Aim of the exercise - For the records that follow, give the number of lines containing the word "Closeup", with no added text.

Data for analysis -
______________________________

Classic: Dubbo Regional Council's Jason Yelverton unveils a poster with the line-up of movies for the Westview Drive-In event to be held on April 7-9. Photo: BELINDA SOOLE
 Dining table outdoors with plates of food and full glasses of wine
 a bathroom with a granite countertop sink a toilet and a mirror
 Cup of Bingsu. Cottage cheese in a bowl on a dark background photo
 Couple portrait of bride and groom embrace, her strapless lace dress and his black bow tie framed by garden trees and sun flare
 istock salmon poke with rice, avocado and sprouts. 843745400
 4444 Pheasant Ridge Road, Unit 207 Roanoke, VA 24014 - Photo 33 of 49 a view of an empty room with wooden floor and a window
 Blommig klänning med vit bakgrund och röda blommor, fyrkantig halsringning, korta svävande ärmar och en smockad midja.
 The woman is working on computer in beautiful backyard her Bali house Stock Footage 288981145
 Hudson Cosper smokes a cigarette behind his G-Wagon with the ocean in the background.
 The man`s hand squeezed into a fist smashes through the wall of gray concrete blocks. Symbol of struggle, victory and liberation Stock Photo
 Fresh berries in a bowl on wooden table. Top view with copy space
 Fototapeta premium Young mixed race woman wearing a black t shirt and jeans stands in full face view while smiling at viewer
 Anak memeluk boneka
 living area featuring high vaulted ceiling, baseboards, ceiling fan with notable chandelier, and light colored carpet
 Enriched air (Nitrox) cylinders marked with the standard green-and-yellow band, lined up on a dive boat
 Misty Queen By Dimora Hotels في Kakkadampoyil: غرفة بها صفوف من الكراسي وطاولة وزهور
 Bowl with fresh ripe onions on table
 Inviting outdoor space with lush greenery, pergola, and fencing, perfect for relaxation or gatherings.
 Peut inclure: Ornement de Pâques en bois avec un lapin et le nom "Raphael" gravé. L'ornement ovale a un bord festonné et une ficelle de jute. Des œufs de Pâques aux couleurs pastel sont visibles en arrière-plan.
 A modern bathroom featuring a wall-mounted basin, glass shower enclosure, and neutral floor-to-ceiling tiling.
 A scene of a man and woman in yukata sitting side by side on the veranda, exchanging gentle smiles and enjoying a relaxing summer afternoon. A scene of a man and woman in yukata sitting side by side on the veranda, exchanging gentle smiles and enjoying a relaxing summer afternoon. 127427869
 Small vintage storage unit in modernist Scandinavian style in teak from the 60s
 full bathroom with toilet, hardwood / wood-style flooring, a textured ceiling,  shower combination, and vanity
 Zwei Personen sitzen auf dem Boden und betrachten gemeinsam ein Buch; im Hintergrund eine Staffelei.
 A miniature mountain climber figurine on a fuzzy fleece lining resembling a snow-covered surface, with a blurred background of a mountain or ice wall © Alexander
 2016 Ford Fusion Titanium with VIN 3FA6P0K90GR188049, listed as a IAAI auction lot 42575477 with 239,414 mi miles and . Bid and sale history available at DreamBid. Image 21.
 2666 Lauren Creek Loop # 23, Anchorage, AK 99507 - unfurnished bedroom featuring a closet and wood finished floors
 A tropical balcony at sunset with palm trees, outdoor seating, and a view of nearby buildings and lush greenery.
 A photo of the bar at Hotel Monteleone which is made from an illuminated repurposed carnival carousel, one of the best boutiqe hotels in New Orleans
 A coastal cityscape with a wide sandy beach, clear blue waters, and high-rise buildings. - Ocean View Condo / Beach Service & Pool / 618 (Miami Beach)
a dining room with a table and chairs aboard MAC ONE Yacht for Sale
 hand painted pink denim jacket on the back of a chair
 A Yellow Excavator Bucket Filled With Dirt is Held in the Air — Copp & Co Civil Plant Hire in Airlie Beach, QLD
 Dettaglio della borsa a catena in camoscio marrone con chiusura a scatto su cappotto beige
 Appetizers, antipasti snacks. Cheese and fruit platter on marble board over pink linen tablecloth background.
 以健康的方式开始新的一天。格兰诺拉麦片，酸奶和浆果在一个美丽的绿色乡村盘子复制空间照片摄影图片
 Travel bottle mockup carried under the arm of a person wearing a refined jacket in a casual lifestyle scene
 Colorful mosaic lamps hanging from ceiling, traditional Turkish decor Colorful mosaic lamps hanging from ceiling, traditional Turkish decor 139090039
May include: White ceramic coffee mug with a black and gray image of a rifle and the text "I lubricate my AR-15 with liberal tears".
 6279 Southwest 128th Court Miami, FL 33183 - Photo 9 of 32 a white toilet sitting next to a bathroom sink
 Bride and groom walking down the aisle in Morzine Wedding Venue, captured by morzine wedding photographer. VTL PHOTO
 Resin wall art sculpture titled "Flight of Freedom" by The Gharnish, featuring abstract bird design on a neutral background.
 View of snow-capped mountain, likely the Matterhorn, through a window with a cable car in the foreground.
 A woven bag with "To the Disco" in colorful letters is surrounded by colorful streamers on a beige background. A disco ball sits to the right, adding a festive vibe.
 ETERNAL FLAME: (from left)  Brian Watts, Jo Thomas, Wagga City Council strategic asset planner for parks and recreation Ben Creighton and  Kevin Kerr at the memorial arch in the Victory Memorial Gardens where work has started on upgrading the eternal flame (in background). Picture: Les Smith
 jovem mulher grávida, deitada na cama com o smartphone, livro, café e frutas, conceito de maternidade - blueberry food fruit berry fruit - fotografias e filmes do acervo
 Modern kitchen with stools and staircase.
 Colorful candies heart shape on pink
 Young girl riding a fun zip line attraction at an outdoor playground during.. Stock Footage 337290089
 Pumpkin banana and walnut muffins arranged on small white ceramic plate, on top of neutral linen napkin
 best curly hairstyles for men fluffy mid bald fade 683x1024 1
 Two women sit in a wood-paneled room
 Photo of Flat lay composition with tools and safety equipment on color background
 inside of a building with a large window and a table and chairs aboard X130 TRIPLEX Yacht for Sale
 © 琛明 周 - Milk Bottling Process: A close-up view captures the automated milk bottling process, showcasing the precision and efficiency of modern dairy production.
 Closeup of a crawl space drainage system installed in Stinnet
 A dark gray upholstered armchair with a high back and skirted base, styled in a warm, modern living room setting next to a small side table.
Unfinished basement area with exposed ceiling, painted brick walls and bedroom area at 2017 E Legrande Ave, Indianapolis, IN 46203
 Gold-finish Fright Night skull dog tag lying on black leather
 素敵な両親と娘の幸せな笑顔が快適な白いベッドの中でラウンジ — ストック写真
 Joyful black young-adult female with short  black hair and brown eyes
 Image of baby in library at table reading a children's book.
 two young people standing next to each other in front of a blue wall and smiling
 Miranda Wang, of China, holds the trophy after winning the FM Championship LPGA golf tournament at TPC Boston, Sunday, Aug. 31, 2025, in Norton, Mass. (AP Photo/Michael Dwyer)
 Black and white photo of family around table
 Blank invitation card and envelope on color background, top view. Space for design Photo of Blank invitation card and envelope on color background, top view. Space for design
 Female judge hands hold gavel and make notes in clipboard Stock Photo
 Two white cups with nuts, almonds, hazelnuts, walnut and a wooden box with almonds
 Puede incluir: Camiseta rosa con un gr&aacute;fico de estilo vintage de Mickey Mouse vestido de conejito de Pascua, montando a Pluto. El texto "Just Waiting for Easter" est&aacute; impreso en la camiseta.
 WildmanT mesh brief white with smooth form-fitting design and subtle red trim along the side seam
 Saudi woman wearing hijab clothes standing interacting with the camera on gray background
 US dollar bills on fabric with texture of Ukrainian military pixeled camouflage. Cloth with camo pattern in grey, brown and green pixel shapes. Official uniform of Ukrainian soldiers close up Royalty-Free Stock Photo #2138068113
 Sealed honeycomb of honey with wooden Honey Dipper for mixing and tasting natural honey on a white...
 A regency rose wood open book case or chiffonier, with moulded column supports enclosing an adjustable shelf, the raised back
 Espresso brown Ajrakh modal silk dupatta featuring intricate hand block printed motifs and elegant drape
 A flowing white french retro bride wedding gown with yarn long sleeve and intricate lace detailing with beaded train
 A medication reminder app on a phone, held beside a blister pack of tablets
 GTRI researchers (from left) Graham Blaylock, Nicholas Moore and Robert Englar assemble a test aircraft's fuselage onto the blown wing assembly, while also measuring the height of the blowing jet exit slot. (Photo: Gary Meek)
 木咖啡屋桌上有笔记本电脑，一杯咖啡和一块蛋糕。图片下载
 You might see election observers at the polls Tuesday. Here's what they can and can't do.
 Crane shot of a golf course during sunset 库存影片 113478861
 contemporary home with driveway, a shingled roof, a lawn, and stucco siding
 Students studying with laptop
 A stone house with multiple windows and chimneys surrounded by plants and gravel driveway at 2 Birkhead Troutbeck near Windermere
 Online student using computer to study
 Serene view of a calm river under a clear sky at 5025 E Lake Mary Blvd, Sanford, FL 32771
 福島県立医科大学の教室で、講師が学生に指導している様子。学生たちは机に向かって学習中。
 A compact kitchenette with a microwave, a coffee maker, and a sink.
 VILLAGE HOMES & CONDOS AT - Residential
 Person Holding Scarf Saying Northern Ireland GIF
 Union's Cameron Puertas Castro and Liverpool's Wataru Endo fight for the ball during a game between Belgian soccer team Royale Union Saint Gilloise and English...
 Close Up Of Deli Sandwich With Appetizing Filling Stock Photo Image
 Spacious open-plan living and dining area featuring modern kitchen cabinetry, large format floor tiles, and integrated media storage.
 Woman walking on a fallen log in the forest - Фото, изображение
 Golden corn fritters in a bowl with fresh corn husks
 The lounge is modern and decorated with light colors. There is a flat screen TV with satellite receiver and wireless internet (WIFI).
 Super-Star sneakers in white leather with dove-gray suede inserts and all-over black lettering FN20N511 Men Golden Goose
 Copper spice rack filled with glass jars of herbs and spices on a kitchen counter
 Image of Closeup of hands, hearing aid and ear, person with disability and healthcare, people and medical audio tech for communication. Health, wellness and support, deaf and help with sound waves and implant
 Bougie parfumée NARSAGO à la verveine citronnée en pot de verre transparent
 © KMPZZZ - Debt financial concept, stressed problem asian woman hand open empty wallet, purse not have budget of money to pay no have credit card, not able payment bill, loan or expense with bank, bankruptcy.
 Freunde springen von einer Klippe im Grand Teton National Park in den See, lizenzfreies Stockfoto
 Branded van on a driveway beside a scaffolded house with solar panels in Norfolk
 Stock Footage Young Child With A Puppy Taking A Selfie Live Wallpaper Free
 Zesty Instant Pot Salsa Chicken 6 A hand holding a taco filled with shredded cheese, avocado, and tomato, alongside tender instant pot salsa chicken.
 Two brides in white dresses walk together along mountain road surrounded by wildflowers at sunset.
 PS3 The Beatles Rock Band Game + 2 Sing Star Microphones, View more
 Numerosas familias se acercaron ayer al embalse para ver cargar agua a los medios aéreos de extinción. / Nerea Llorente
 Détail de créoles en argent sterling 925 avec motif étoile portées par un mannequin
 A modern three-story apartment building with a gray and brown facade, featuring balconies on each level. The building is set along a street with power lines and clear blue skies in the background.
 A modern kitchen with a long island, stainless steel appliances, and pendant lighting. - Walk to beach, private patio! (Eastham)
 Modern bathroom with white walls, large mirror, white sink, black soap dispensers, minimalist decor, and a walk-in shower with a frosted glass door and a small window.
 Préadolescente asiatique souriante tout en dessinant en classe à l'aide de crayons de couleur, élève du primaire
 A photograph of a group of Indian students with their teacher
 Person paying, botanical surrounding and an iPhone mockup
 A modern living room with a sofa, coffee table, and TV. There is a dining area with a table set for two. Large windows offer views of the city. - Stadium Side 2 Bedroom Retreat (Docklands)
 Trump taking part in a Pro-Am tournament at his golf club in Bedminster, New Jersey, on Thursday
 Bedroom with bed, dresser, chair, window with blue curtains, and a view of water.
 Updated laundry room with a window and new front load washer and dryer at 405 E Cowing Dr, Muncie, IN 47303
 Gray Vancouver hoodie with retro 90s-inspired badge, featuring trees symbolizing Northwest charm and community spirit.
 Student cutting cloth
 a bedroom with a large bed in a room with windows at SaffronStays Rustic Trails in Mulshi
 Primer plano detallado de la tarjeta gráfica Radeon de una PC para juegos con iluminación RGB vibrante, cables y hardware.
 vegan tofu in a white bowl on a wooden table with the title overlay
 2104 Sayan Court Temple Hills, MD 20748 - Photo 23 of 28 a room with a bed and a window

______________________________

Result - 2